▶ _Records drawn from a dataset_
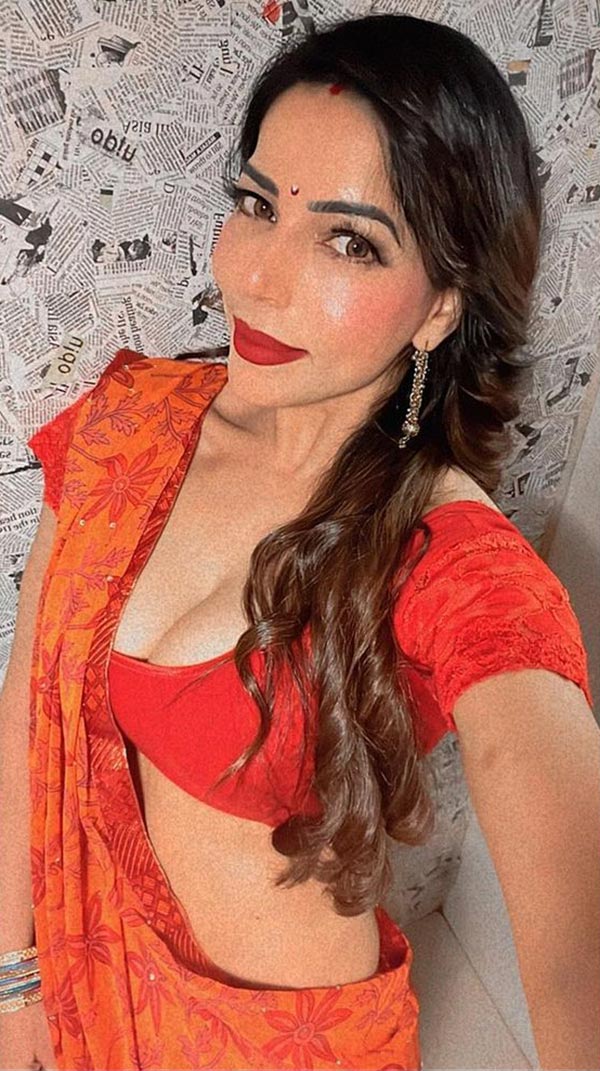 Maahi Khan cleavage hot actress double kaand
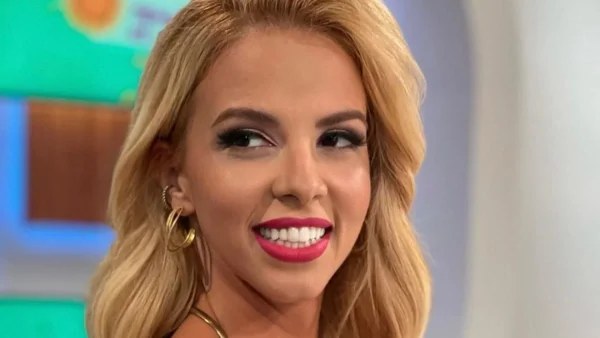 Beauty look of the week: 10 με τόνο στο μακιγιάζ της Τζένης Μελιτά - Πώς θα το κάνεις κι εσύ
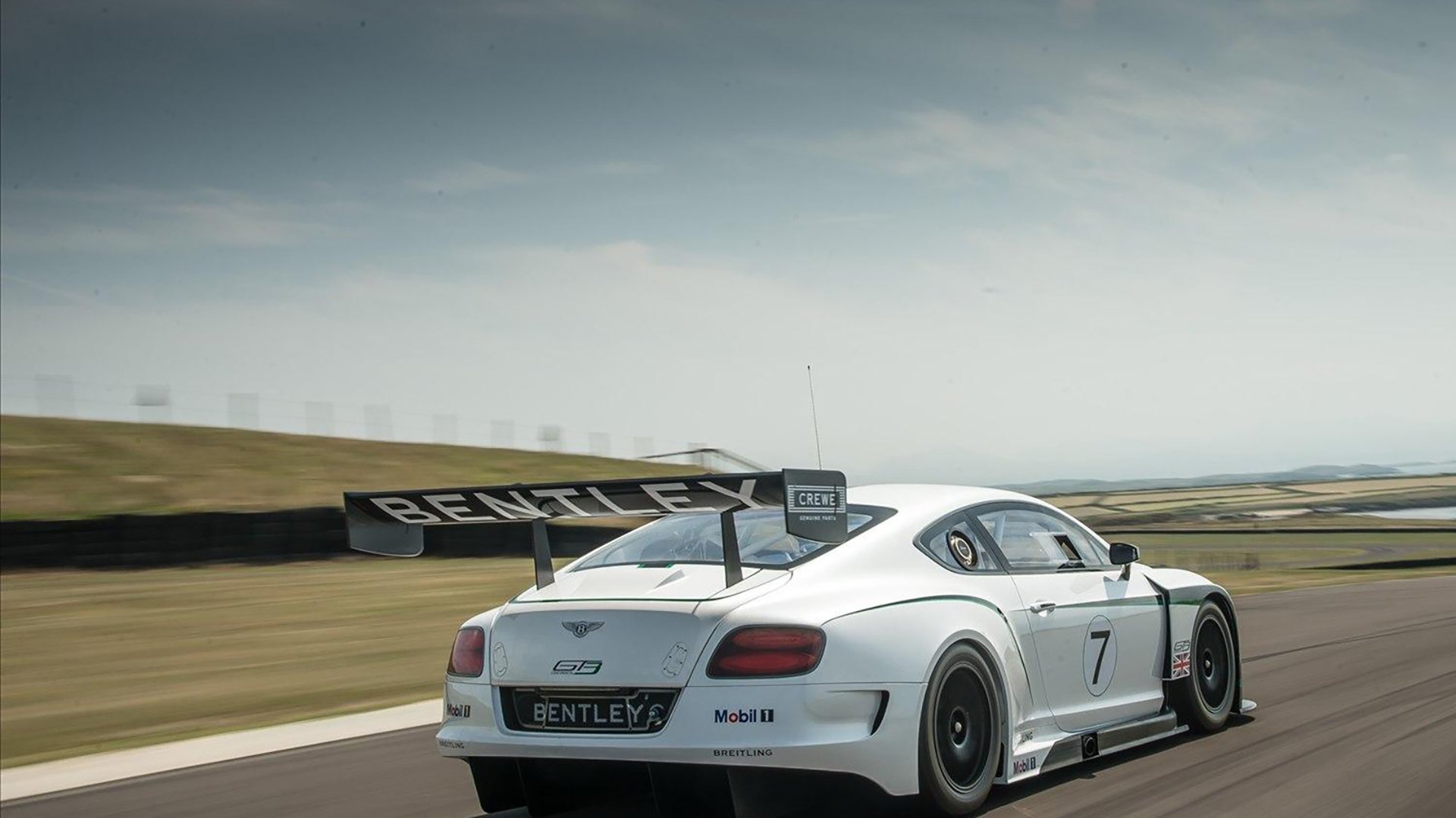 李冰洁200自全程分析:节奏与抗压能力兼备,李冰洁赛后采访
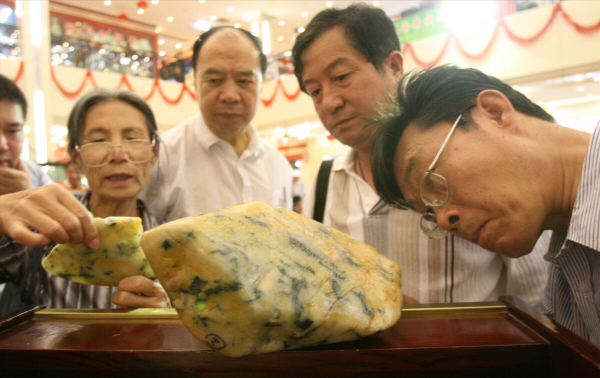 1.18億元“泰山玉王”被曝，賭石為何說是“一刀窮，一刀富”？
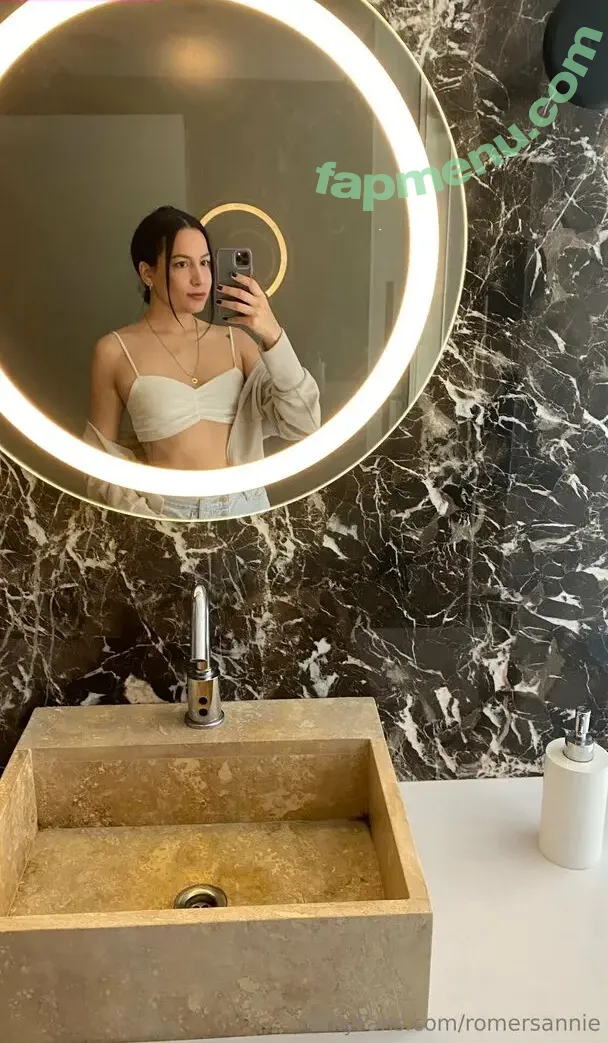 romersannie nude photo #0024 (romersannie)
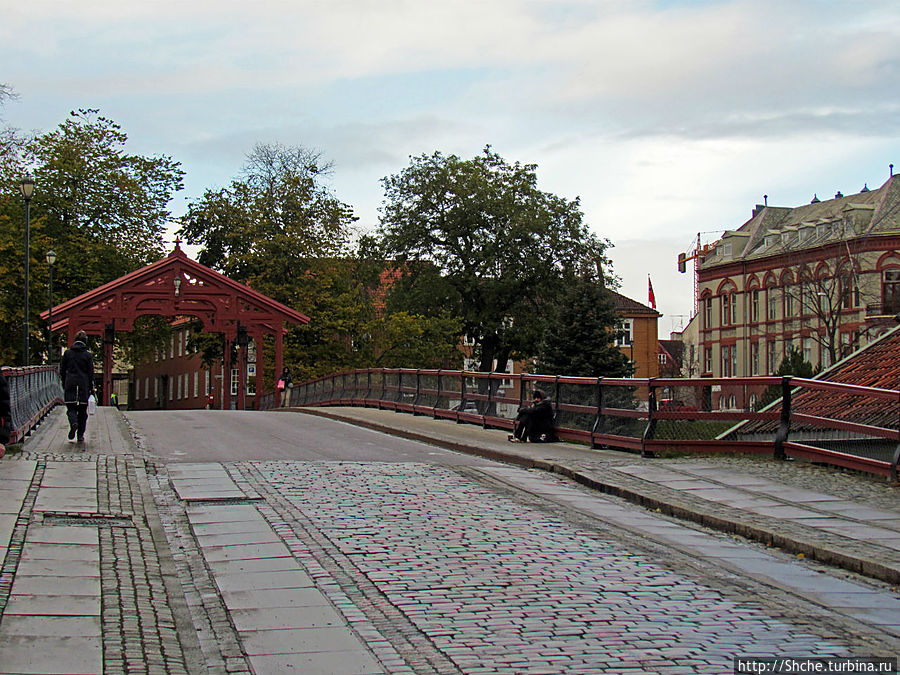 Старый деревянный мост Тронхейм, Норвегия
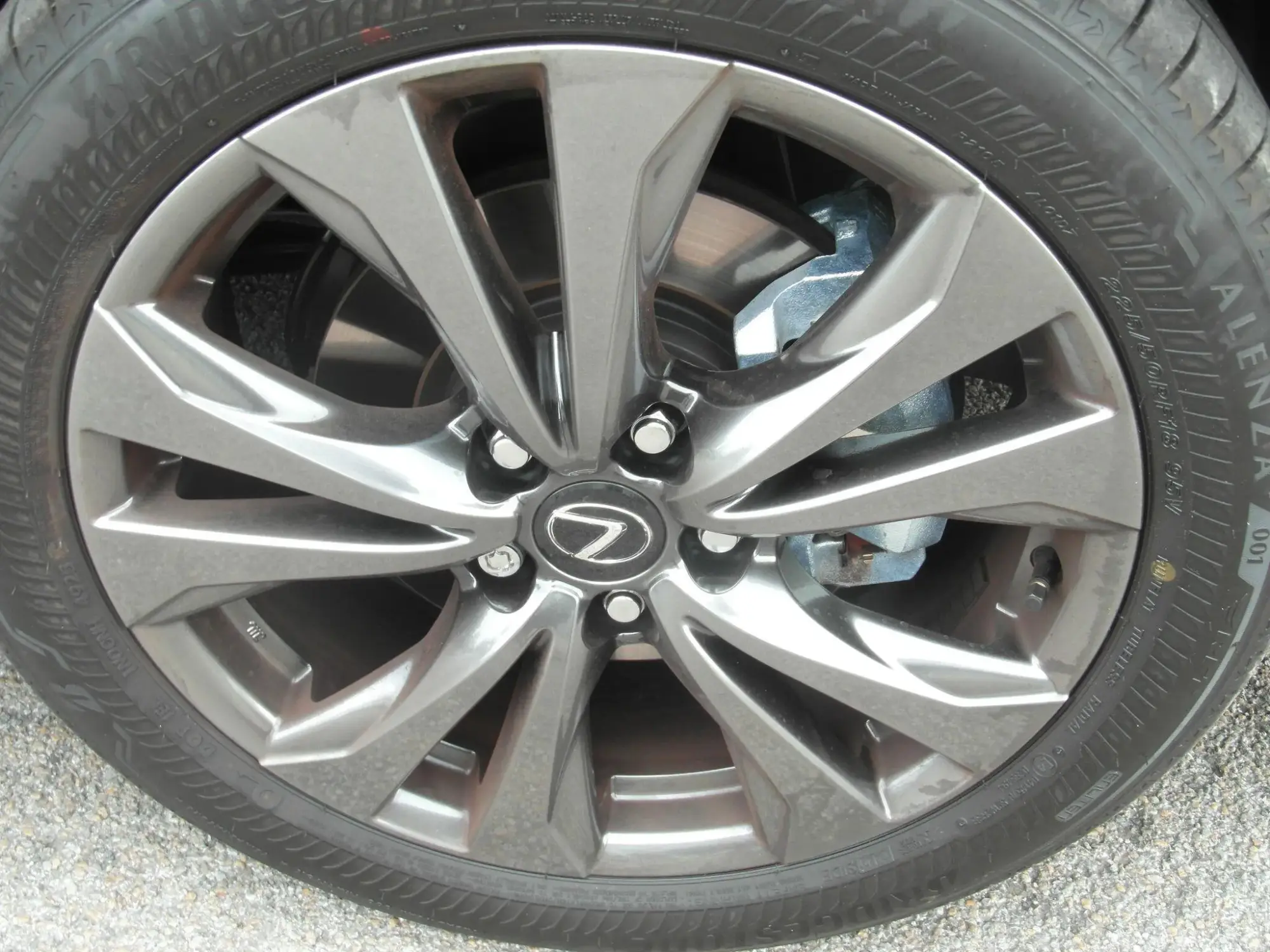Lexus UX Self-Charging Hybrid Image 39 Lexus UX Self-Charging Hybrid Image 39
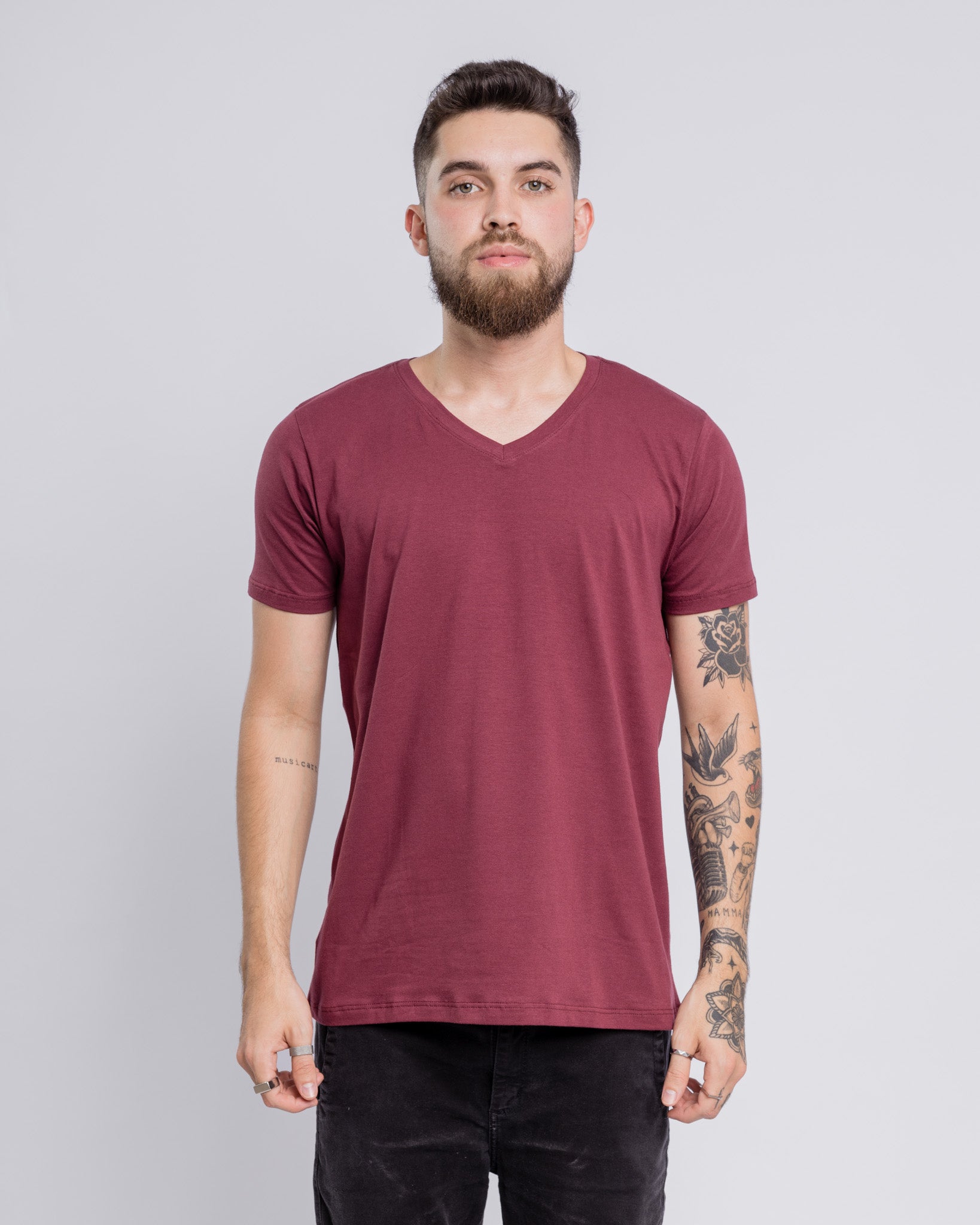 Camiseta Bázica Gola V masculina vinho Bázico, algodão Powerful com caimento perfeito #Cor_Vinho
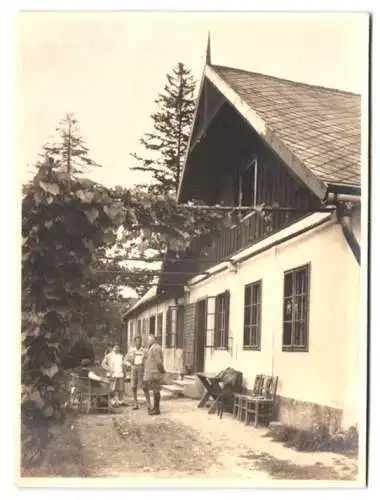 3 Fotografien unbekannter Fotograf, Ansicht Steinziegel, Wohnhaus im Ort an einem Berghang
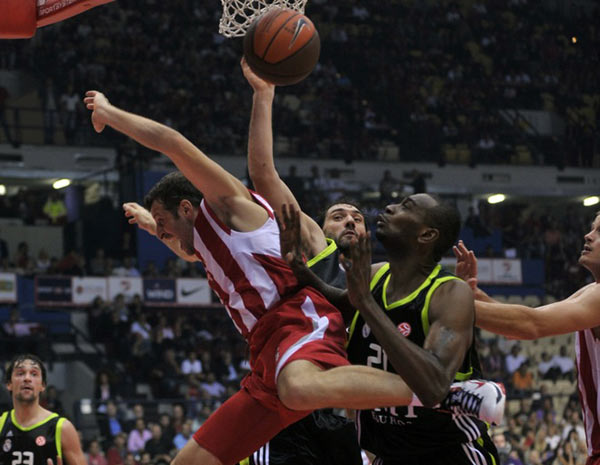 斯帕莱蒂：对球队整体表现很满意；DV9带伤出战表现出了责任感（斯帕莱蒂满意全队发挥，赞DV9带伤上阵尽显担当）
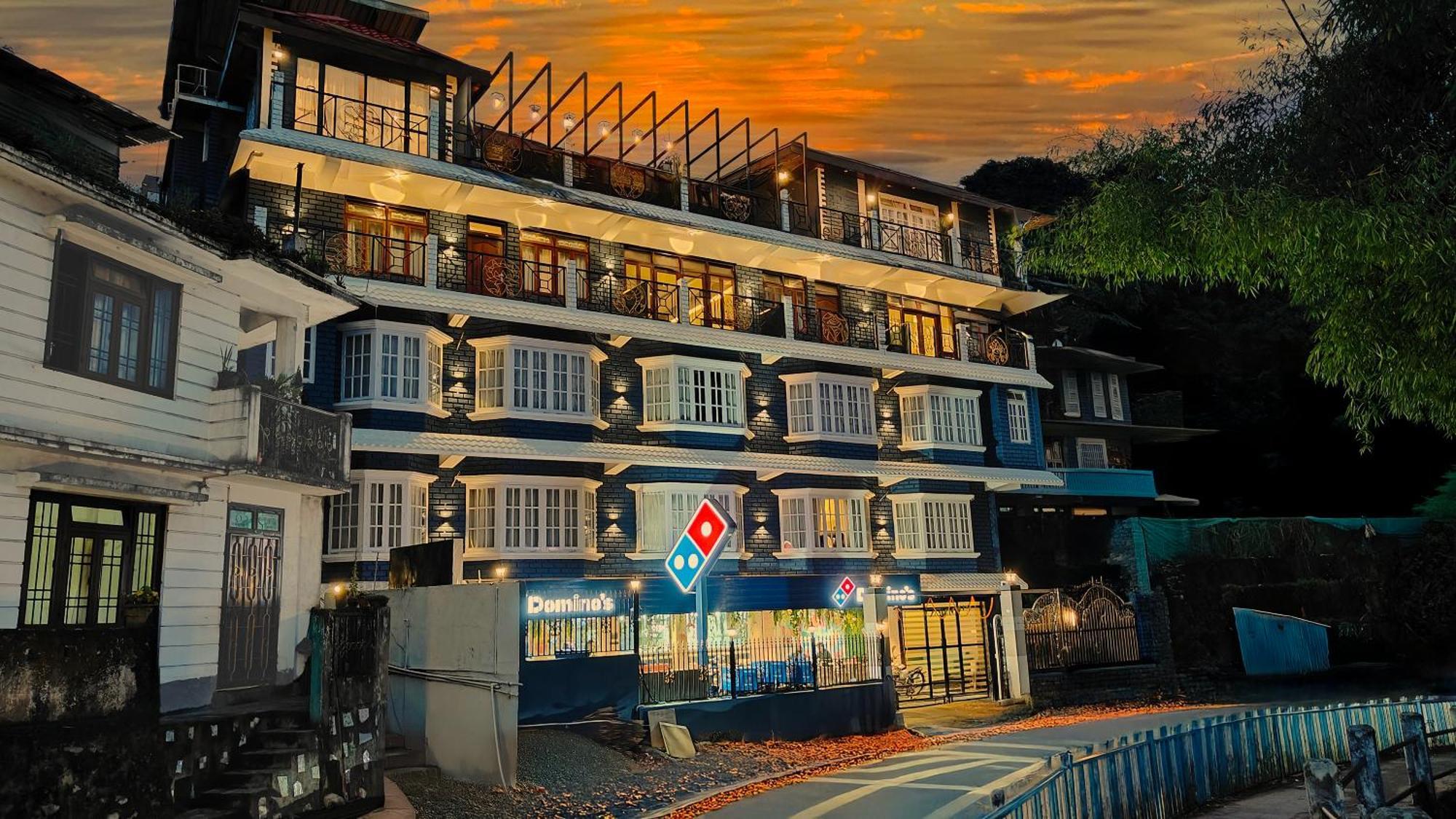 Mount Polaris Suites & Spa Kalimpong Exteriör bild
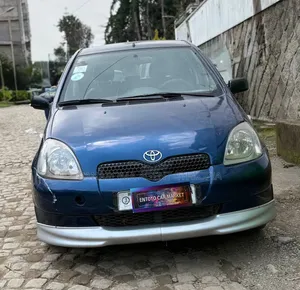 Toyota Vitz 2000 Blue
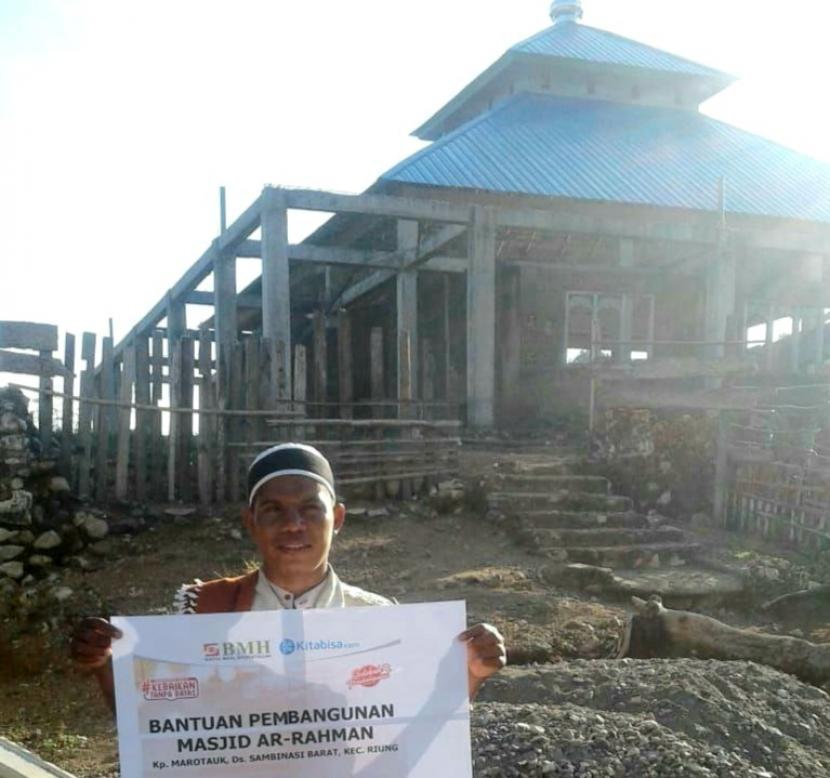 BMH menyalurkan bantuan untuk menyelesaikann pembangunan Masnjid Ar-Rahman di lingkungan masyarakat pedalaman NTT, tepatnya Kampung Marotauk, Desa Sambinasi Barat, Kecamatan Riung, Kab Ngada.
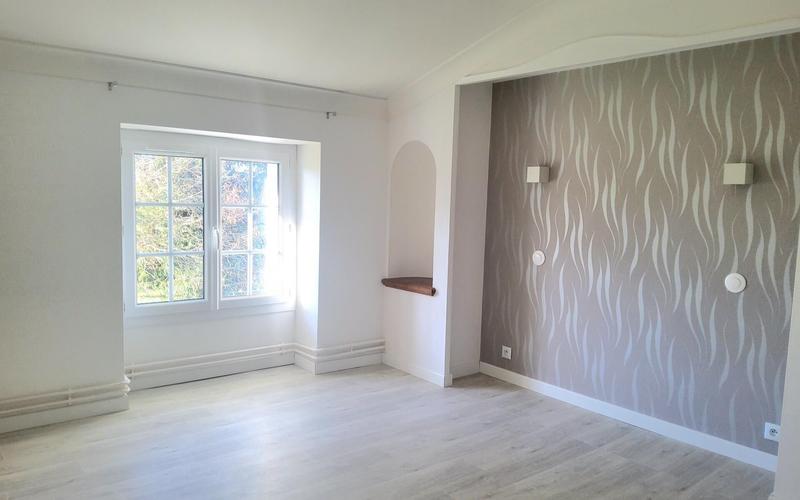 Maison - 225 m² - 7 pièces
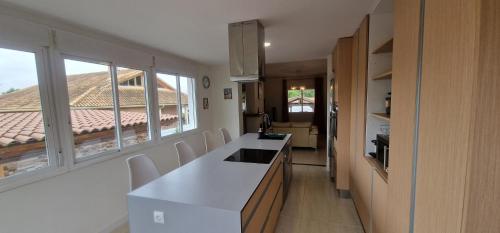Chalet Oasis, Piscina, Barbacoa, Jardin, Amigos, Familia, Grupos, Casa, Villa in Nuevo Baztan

▶ _Description of the task_
Using the records above, extract exactly and only the lines from the one with "Maison - 225 m² - 7 pièces" through the final line, inclusive, leaving out pictures.

▶ _The answer_
 Maison - 225 m² - 7 pièces
Chalet Oasis, Piscina, Barbacoa, Jardin, Amigos, Familia, Grupos, Casa, Villa in Nuevo Baztan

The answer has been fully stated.